A Question Beyond Weather

Atmospheric circulation governs weather and climate, but it also carries angular momentum. When winds shift or mass redistributes, the atmosphere can exchange momentum with the solid Earth, slightly altering the planet’s rotation rate. This is not a new concept, but what happens under long-term global warming?

Previous studies have shown that atmospheric angular momentum (AAM) is projected to increase in climate projections. However, the why remained unclear. Was it simply stronger winds? Or was there a deeper dynamical restructuring of the atmosphere?

We set out to answer this in our recently published paper at npj climate and atmospheric science (https://www.doi.org/10.1038/s41612-026-01382-z). 

Tracing the Fingerprint of Global Warming

Using large-ensemble climate simulations from three different global models, we examined how atmospheric circulation evolves under a high-emission scenario. What emerged was a consistent and physically coherent picture:

• The Hadley cell expands poleward
• Subtropical jets intensify
• Tropical trade winds weaken
• Upper-level zonal winds strengthen

These are well-known responses to warming, but together they systematically increase AAM (Figure 1).

At the same time, something equally important happens at the surface: the exchange of momentum between the atmosphere and the solid Earth weakens (Figure 2). This reduces the Earth's efficiency at "keeping up" with the changing atmosphere.

The result? A slightly faster-moving atmosphere and a slightly slower-rotating Earth.

The changes we identify are subtle. By the end of the 21st century, the increase in the Length of Day (LOD) due to atmospheric changes reaches about 10-17% of the long-term tidal friction trend (Figure 3).

At first glance, this may seem modest. But it is significant for two reasons:

• It represents a systematic, externally forced signal, not just internal variability
• It emerges from well-understood dynamical changes in atmospheric circulation.

To place this in context, tidal friction has long been considered the dominant driver of long-term rotational slowing.
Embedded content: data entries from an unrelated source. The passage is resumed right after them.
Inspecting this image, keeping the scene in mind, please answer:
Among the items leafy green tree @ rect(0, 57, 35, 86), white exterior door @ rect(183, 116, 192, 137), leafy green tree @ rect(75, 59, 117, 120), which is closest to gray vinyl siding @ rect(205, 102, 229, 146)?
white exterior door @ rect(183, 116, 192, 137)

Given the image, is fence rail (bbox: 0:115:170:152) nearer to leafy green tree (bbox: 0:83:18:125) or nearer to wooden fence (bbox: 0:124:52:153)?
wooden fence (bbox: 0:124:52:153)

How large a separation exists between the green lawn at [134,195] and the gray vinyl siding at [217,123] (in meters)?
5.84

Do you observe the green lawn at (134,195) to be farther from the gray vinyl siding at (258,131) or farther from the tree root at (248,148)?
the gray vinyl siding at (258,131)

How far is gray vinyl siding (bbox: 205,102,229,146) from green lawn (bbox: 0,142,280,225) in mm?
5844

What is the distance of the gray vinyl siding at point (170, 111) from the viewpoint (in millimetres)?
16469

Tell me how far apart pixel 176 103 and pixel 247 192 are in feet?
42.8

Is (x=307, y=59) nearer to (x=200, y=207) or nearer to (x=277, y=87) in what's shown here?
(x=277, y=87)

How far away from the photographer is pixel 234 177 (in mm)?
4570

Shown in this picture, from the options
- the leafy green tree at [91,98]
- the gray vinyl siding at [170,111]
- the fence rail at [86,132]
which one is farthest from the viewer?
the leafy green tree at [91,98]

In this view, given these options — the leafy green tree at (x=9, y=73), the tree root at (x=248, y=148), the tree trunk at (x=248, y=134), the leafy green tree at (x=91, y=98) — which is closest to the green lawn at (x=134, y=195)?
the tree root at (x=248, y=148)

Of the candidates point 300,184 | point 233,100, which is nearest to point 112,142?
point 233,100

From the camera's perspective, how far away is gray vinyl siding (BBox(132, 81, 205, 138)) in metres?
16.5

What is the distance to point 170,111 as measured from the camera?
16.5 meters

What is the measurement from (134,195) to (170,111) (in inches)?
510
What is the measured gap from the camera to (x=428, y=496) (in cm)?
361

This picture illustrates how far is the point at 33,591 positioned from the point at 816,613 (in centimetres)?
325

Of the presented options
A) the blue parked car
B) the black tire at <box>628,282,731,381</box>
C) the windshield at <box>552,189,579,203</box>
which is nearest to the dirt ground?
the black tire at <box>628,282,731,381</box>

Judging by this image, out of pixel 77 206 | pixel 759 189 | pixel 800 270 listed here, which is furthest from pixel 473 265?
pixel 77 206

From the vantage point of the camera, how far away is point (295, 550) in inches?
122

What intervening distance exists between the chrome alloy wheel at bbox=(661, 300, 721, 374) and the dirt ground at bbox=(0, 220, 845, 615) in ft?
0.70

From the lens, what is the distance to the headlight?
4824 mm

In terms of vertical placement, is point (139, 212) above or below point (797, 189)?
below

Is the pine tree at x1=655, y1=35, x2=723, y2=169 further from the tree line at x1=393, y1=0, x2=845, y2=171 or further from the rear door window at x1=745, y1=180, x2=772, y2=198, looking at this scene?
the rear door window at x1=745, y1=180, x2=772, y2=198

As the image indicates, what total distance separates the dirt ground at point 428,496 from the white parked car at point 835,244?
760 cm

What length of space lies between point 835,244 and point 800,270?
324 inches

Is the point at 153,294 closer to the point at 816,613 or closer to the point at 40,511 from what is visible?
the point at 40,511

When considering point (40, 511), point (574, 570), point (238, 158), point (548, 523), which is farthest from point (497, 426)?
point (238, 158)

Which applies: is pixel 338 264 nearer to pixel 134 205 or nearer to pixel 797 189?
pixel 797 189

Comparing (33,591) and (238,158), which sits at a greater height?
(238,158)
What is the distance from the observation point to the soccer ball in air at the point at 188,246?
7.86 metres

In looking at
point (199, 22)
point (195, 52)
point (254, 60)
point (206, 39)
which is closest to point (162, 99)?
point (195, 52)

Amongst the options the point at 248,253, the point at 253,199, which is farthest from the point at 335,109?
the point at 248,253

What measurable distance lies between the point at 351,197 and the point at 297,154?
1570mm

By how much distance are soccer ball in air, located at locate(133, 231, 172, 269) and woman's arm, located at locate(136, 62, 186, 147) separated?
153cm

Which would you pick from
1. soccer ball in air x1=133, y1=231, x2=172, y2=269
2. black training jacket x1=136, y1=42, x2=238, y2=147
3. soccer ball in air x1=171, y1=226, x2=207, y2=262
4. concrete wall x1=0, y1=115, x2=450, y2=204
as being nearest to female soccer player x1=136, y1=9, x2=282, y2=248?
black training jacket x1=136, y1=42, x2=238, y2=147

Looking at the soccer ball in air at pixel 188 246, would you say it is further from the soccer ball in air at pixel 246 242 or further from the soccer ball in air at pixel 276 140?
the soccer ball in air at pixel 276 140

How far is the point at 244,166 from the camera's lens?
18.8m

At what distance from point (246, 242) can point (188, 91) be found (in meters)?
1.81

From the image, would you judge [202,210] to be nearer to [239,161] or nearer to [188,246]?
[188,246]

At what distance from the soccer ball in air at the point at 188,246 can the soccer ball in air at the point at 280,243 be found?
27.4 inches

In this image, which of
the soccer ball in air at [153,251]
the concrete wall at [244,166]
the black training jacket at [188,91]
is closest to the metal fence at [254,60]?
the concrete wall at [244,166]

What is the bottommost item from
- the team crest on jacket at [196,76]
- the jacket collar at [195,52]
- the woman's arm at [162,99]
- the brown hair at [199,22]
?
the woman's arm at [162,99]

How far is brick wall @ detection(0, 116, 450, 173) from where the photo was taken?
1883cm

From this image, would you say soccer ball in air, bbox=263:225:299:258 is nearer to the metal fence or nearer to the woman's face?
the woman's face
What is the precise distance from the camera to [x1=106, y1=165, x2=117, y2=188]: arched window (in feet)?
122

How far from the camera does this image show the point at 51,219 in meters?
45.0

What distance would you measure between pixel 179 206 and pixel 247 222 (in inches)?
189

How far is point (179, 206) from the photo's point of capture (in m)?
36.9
Our comparison is not to suggest equivalence, but to provide a physically meaningful benchmark for interpreting the magnitude of the atmospheric contribution.

At the same time, the recent studies highlight that core-mantle interactions dominate the Earth's rotation variability on decadal to centennial timescales. Our results, therefore, position atmospheric changes as an additional, climate-driven component within this broader rotational system. Hence, global warming is reorganising the atmospheric circulation in a way that measurably influences Earth's rotational dynamics.

Looking Ahead

Our study highlights the broader idea: climate change is not just altering temperature, precipitation, or extremes; it is reshaping the fundamental dynamical balance of the Earth system. The atmosphere, oceans, cryosphere, and solid Earth are tightly coupled. Changes in one component inevitably propagate into others, sometimes in unexpected ways.
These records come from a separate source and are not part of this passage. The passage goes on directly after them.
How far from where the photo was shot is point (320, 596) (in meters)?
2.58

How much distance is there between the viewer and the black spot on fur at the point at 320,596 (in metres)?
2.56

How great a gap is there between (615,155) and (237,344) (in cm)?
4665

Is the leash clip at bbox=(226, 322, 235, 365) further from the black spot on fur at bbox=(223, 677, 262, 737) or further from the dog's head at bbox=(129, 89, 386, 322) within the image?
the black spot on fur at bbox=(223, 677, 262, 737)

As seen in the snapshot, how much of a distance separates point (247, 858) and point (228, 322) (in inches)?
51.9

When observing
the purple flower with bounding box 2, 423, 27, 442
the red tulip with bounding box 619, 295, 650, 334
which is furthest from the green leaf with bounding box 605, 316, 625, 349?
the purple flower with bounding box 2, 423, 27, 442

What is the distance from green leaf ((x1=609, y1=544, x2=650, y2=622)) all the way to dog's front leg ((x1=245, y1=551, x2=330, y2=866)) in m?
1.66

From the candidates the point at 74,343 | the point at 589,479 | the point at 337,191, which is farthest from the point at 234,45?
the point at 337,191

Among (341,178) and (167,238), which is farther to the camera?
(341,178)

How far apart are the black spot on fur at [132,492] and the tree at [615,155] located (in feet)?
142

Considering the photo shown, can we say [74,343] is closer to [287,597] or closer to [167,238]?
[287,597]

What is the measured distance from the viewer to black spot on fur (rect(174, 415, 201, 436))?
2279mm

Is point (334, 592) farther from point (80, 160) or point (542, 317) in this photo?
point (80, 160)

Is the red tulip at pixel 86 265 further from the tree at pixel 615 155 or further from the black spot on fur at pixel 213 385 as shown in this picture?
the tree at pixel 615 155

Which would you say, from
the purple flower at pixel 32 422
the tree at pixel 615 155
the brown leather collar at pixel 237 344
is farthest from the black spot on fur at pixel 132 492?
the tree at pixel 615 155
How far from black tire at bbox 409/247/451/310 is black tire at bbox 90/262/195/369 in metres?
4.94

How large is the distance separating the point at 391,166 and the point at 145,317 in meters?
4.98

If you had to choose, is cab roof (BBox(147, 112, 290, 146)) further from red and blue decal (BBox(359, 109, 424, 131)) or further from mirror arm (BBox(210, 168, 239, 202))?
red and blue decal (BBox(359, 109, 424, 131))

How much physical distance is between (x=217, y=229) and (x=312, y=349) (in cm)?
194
Understanding these connections will be crucial as we move forward.

Final Thoughts

This work began with a simple question about rotation. It evolved into a deeper exploration of how atmospheric dynamics respond to warming, and how these changes ripple through the Earth system.

The signal we identify is systematic, physically grounded, and a part of the larger story: global warming is influencing the Earth in ways that extend far beyond the climate system itself.